The U.S. Food and Drug Administration (FDA) Wednesday expanded the approval of Imbruvica (ibrutinib) for the treatment of adult patients with chronic graft versus host disease (cGVHD) after the failure of other therapies.

cGVHD is a life-threatening condition that occurs when cells from a stem cell transplant attack healthy cells in a patient’s tissues. Symptoms of cGVHD can be found in the skin, mouth, eyes, gut, liver, and lungs, and is estimated to occur in 30-70 percent of all patients who receive hematopoietic stem cell transplantation (HSCT).

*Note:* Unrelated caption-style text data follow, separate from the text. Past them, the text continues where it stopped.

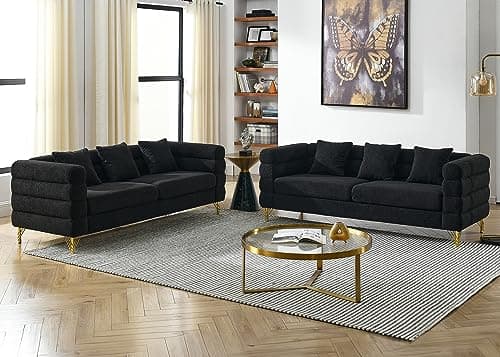 Oversize 2 Pieces Sofa Set, 81 Inch Comfy 3 Seater Sofa, Modern Futon Couch, Bouclé Teddy Cloud Sofa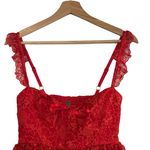 Anthropologie  Ruffle Strap Corset Lace Mini Dress Lipstick Red Size XS NEW Photo 3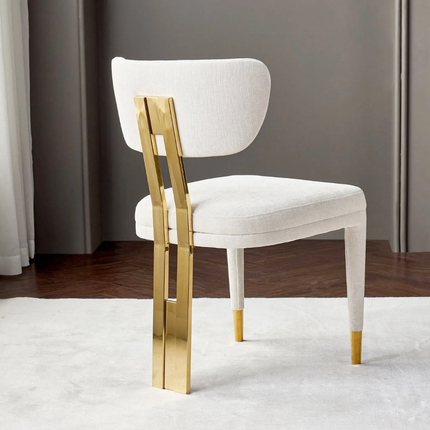 Gold and White Stainless Steel Frame Dining Chair – Soft Velvet Upholstery, Perfect for Home, Hotel and Restaurant Use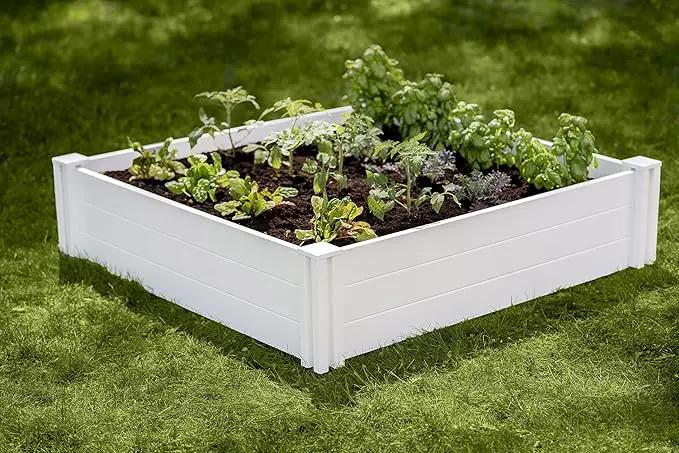 Vita Classic 4 Foot x 4 Foot x 11 inch White Vinyl Raised Modular Garden Bed, White, PVC, BPA and Pthalate Free, VT17108 by GreenHaven Gardens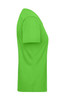 A bright green ladies' work T-shirt displayed from the side, featuring short sleeves and a basic design.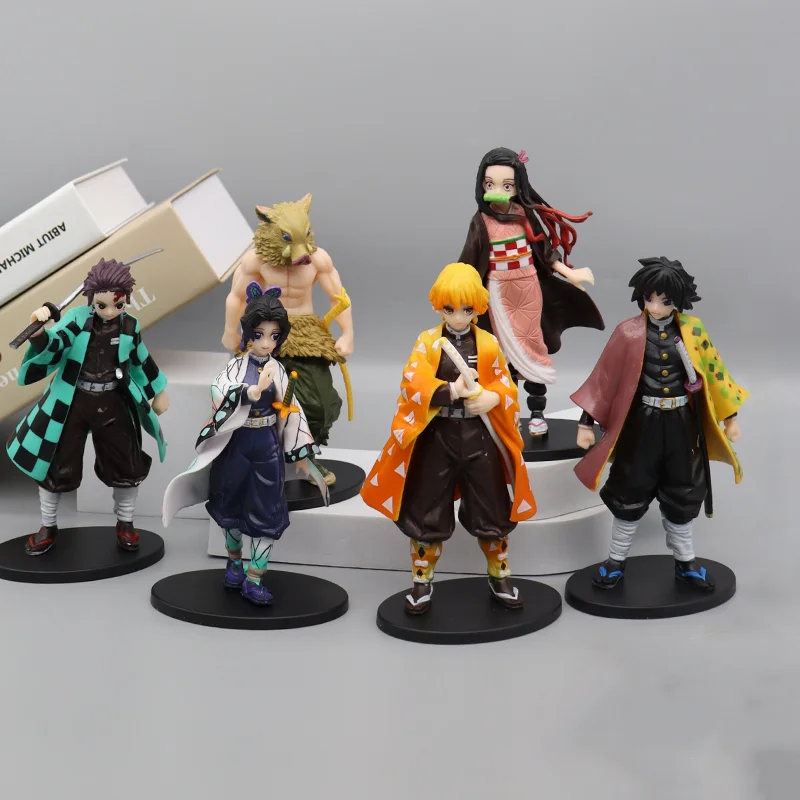 Anime Demone Slayer Kimetsu no Yaiba figura Kamado Tanjirou Action Figure Agatsuma Zenitsu Nezuko Guerriero PVC Modello Giocattoli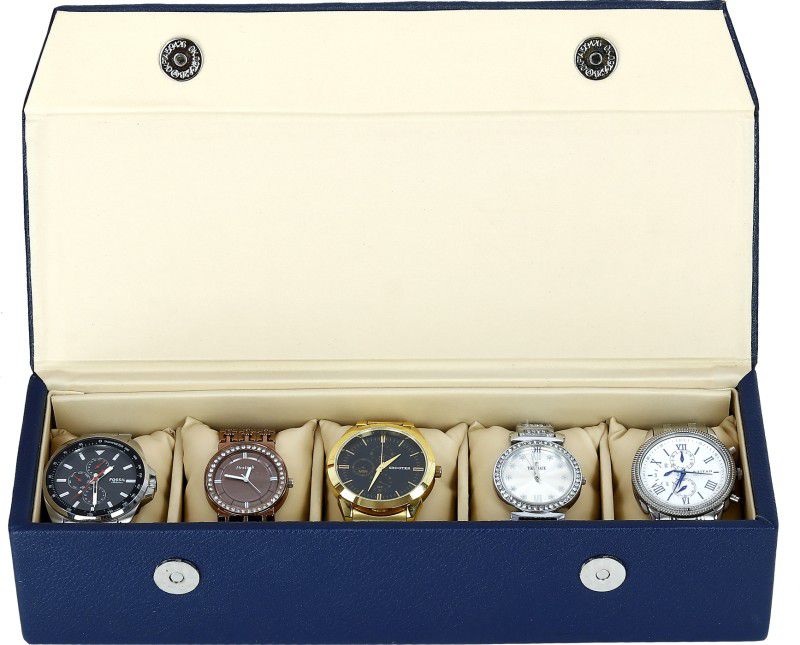 Storage Organizer For Men & Women Hand Crafted in High Quality Leather Watch Box  (Blue, Holds 5 Watches)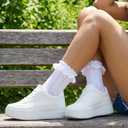 Gvhntk 2 Pair Women's Ruffle Socks Mid-Calf Lace Ruffle Frilly Ankle Socks Soft Stretchy Comfortable Cotton Princess Socks (White)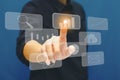 The man use finger touch virtual image. Business and technology concept Royalty Free Stock Photo
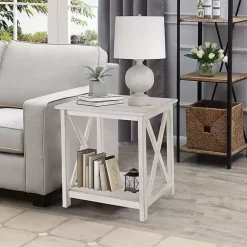 Kirklands Home Antique washed Wood Square Side Table White Clearance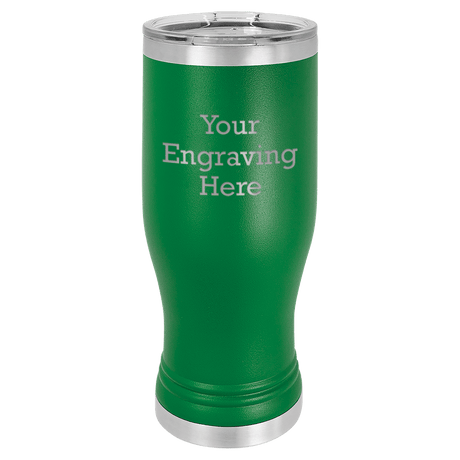 20 oz Pilsner in maroon — custom engraved by A to Z Engraving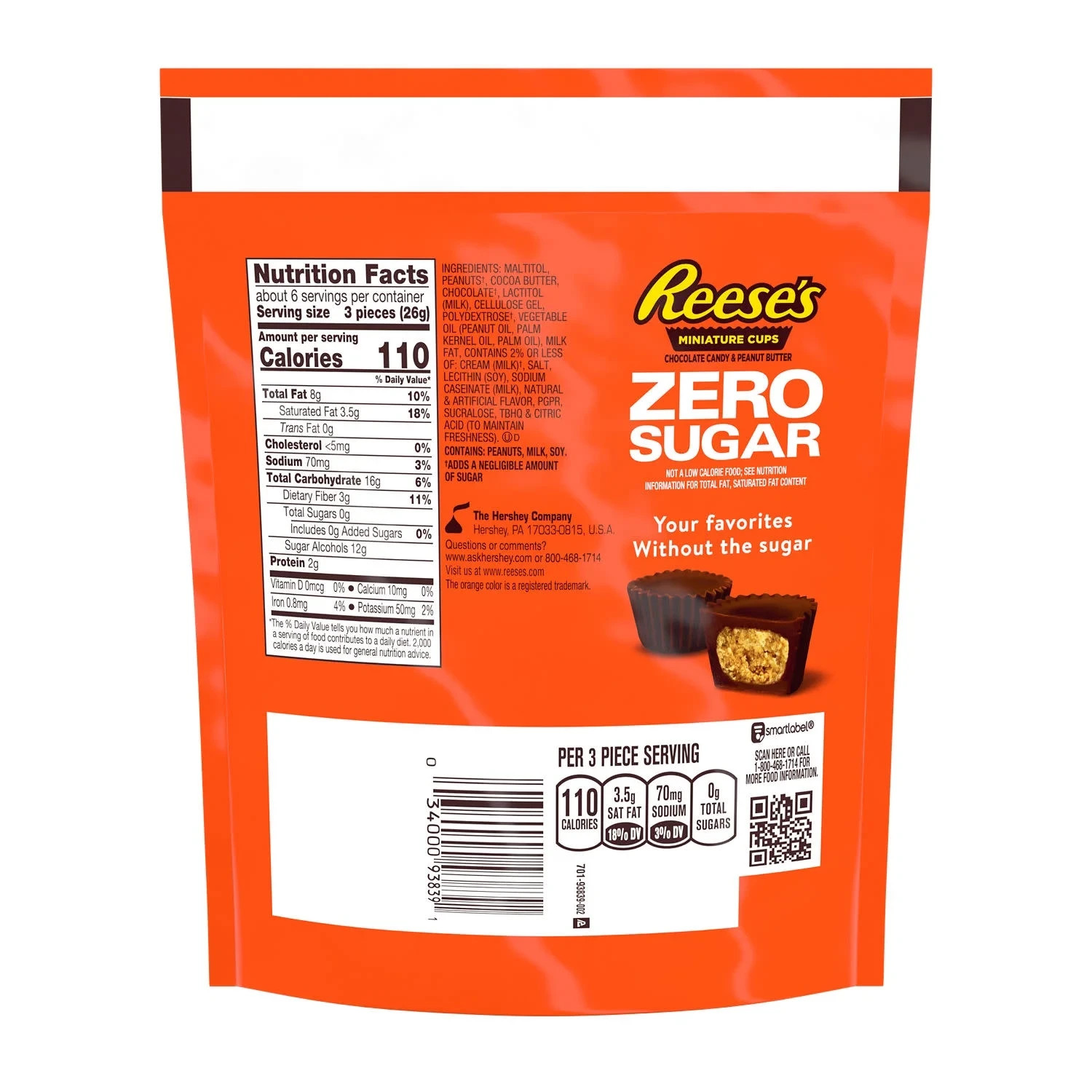 REESE'S Zero Sugar Miniatures Chocolate Peanut Butter Cups, Candy Bag, 5.1 oz gallery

The approval of Imbruvica for treating cGVHD was studied in a single-arm trial of 42 patients with cGVHD whose symptoms kept persisting despite taking standard treatment with corticosteroids. Most patients suffered mouth ulcers, and skin rashes, with 50 percent of patients had two or more organs affected. In the trial, 67 percent of patients experienced improvements. In 48 percent of patients in the trial, the improvement lasted for up to five months or longer.

This is the first FDA-approved therapy for the treatment of cGVHD.

Common side effects of Imbruvica include bruising, diarrhea, fatigue, low levels of blood platelets (thrombocytopenia), muscle spasms, swelling and sores in the mouth (stomatitis), nausea, severe bleeding (hemorrhage), low levels of red blood cells (anemia) and lung infection (pneumonia).

Serious side effects of Imbruvica include infections, severe bleeding, low levels of blood cells, high blood pressure, irregular heartbeat, new cancers (second primary malignancies) and metabolic abnormalities. Women who are pregnant or breastfeeding should not take Imbruvica because it may cause harm to a developing fetus or a newborn baby.

“Patients with cGVHD who do not respond to other forms of therapy --typically corticosteroids to suppress their immune system -- now have a treatment option specifically indicated to treat their condition,” said Richard Pazdur, director of the FDA’s Oncology Center of Excellence. “This approval highlights how a known treatment for cancer is finding a new use in treating a serious and life-threatening condition that may occur in patients with blood cancer who receive a stem cell transplant.”